Assignment |
Beginning with the line that contains "BMW M3 -2020 YELLOW 1:18 MINICHAMPS — фото 3", print each line to the end of the data exactly. Omit the pictures.

Input |

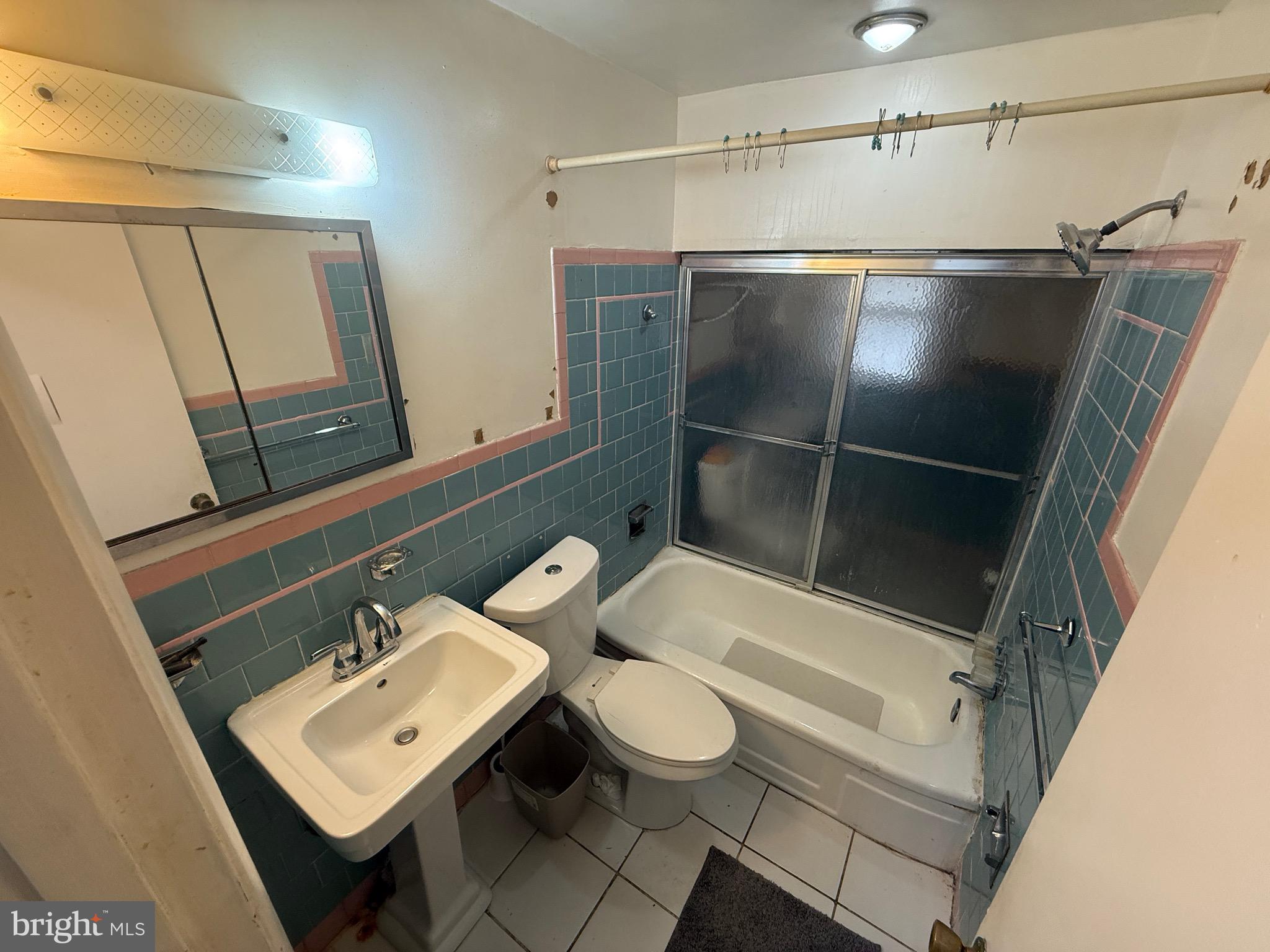 RAY PARK ESTATES - Residential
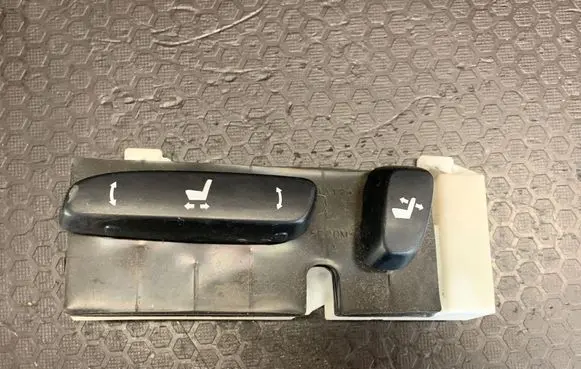 Lexus IS 220D-250-350 Seat control switch 18A196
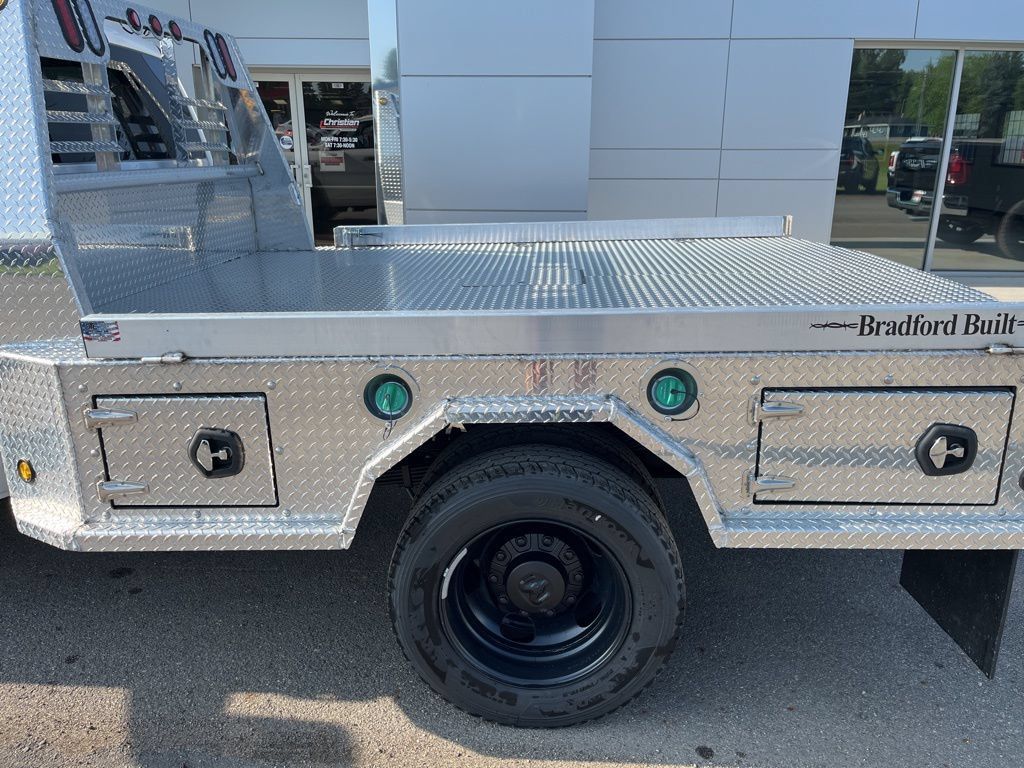 New 2025 RAM 4500 Tradesman AWD/4WD image 9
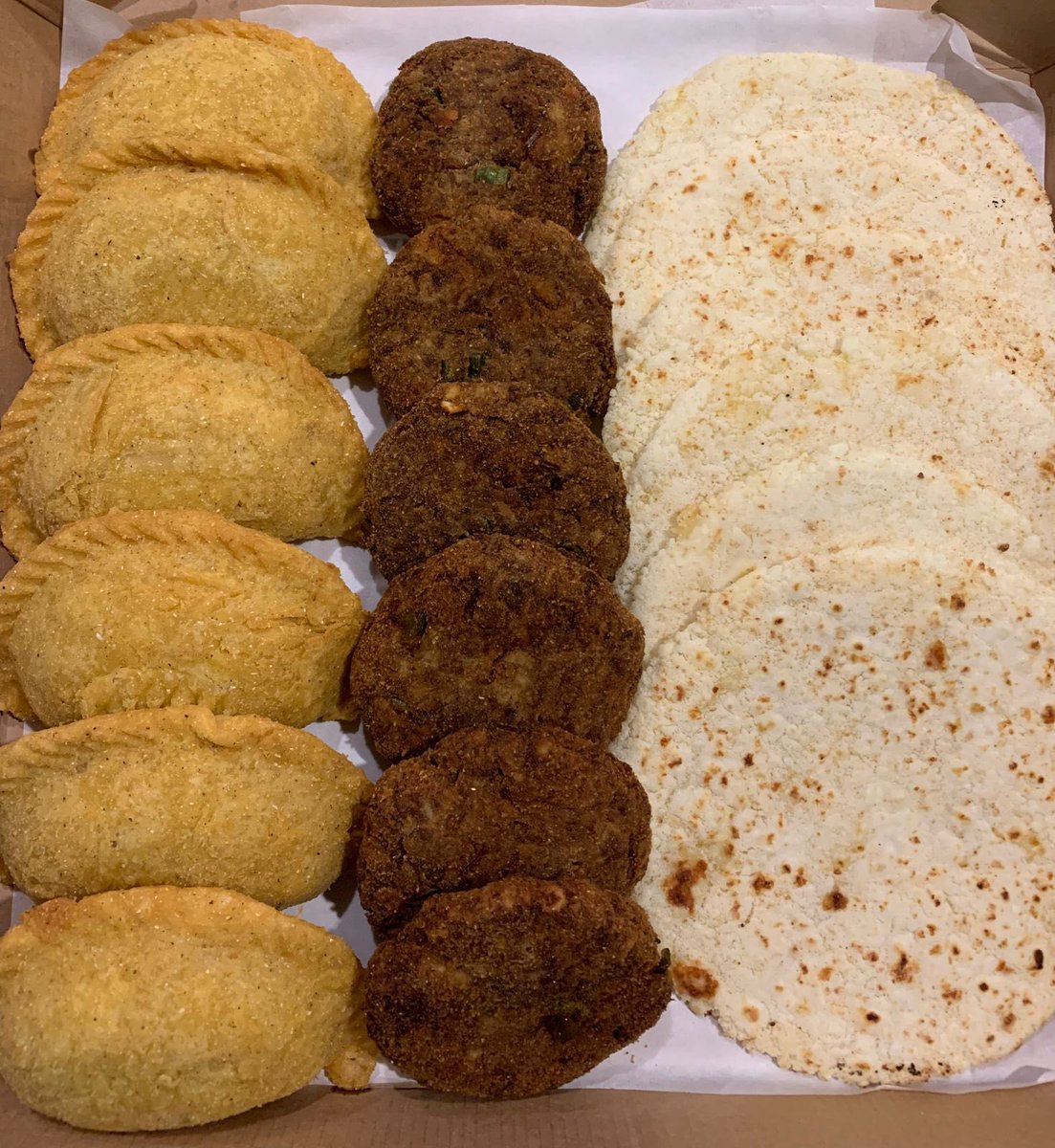 enricocb's tweet image. Gente! Mi papá toma pedidos de su caja típica de Tembi’u Gourmet 🥳Incluye: Pastel mandi’o, Pajagua y mbeju
También tomamos pedidos de: Sopa soo, chipa guazú y sopa paraguaya a los 4 quesos 😍 Pueden escribir al DM o al 0972720800. 
Instagram: @gourmettembiu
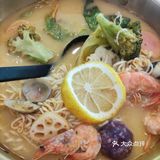 中午食堂一起来的朋友也说价格不贵，整整齐齐的食物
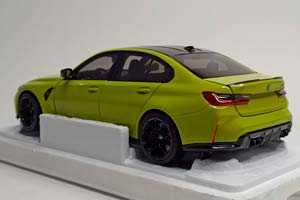 BMW M3 -2020 YELLOW 1:18 MINICHAMPS — фото 3
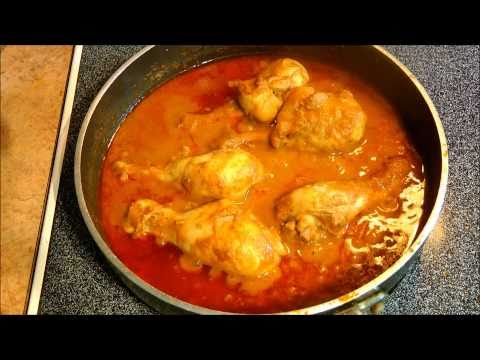 kolhapuri - Marinated chicken cooked in spicy, tasty Kolhapuri gravy. For detail recipe visit http://www.madhurasrecipe.com/non-veg-curry/Kolhapuri-Chicken Subscribe to ...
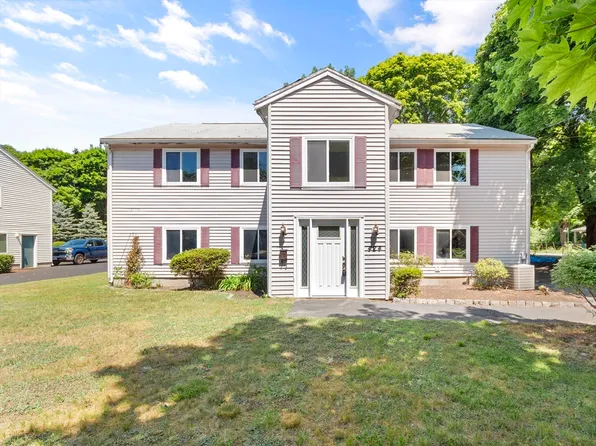 424 Andover St, Lowell, MA 01852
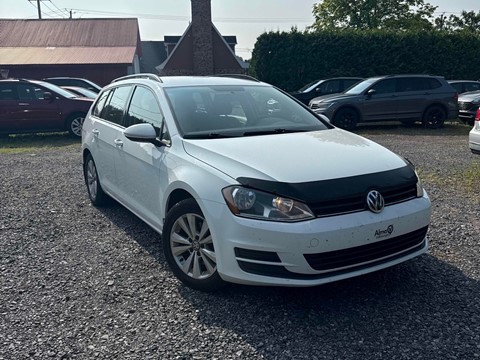 Photo of 2017 Volkswagen Golf SportWagen TSi  SE for sale at Carstead Motor Trends in Cobourg, ON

Solution to the exercise |
 BMW M3 -2020 YELLOW 1:18 MINICHAMPS — фото 3
 kolhapuri - Marinated chicken cooked in spicy, tasty Kolhapuri gravy. For detail recipe visit http://www.madhurasrecipe.com/non-veg-curry/Kolhapuri-Chicken Subscribe to ...
 424 Andover St, Lowell, MA 01852
 Photo of 2017 Volkswagen Golf SportWagen TSi  SE for sale at Carstead Motor Trends in Cobourg, ON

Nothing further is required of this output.